**GIVEN INFORMATION**
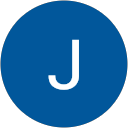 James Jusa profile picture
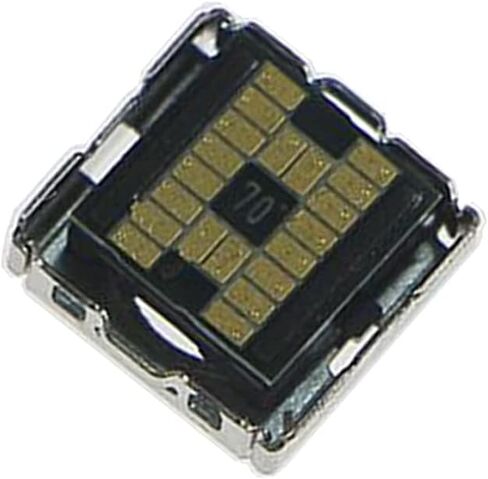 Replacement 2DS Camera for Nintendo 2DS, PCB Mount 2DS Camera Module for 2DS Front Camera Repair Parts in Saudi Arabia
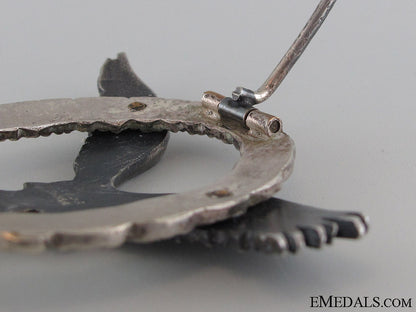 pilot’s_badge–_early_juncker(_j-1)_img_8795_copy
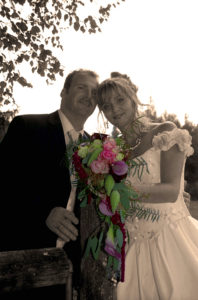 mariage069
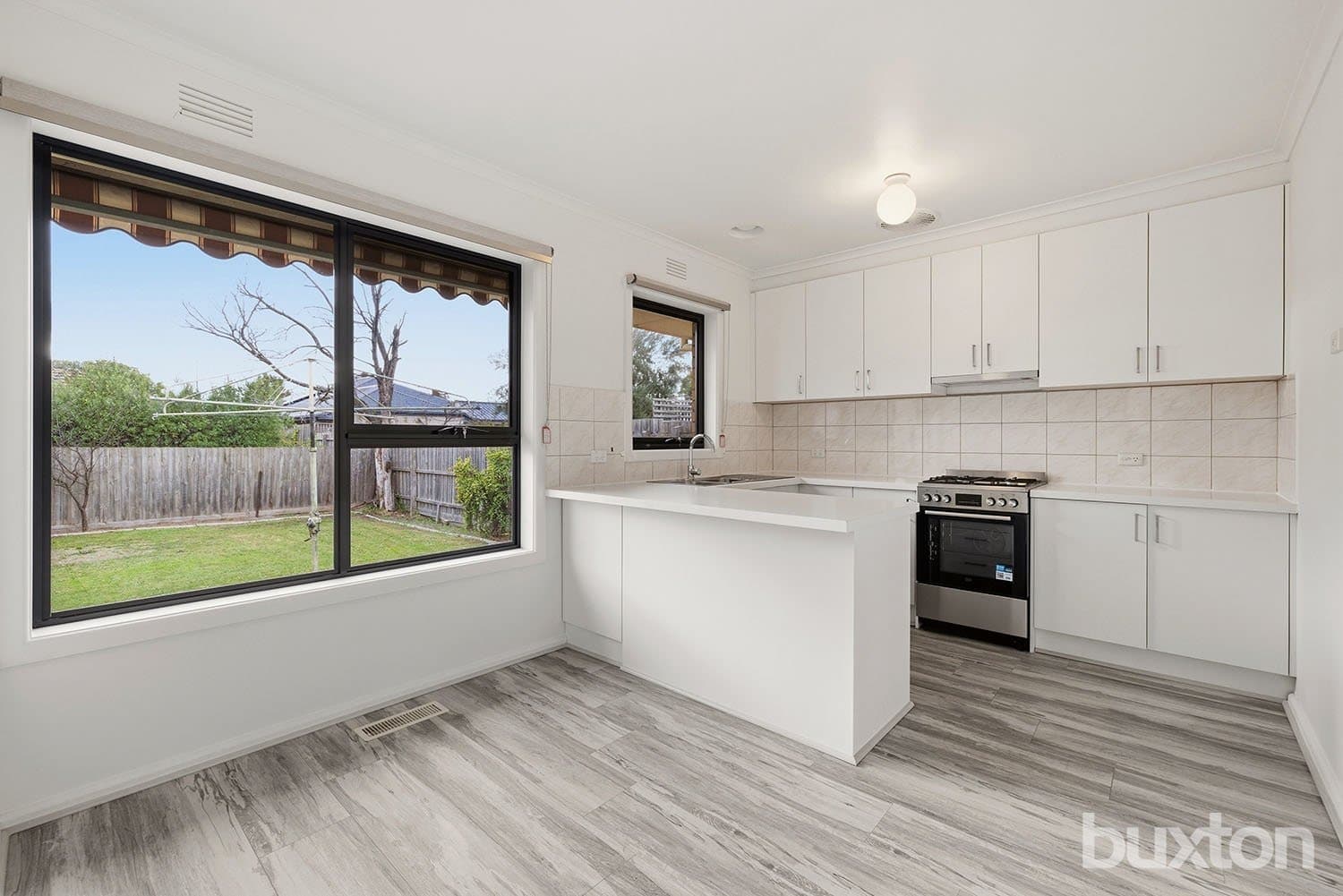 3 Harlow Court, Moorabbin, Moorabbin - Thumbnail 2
* * *
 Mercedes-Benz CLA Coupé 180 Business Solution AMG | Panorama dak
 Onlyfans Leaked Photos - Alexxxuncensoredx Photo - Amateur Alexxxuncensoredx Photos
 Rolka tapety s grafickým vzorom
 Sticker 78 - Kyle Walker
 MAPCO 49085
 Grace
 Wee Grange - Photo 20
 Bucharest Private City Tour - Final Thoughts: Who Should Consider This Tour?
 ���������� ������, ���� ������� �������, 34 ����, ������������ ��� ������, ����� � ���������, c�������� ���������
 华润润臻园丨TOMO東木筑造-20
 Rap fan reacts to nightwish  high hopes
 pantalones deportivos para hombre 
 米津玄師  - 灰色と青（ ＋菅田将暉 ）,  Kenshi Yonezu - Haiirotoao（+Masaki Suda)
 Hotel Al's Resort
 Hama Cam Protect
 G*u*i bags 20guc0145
...
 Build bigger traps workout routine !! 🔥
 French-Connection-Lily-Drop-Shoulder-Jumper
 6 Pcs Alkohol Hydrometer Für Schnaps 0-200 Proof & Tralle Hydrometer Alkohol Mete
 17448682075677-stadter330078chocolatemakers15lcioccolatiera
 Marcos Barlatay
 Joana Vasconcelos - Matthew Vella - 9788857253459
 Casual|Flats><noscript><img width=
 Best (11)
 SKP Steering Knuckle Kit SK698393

**YOUR INSTRUCTIONS**
Start at the line containing "James Jusa profile picture" above and stop at the line containing "3 Harlow Court, Moorabbin, Moorabbin". Output those lines exactly, both included, but none of the pictures.

**WRITTEN RESPONSE**
 James Jusa profile picture
 Replacement 2DS Camera for Nintendo 2DS, PCB Mount 2DS Camera Module for 2DS Front Camera Repair Parts in Saudi Arabia
 pilot’s_badge–_early_juncker(_j-1)_img_8795_copy
 mariage069
 3 Harlow Court, Moorabbin, Moorabbin - Thumbnail 2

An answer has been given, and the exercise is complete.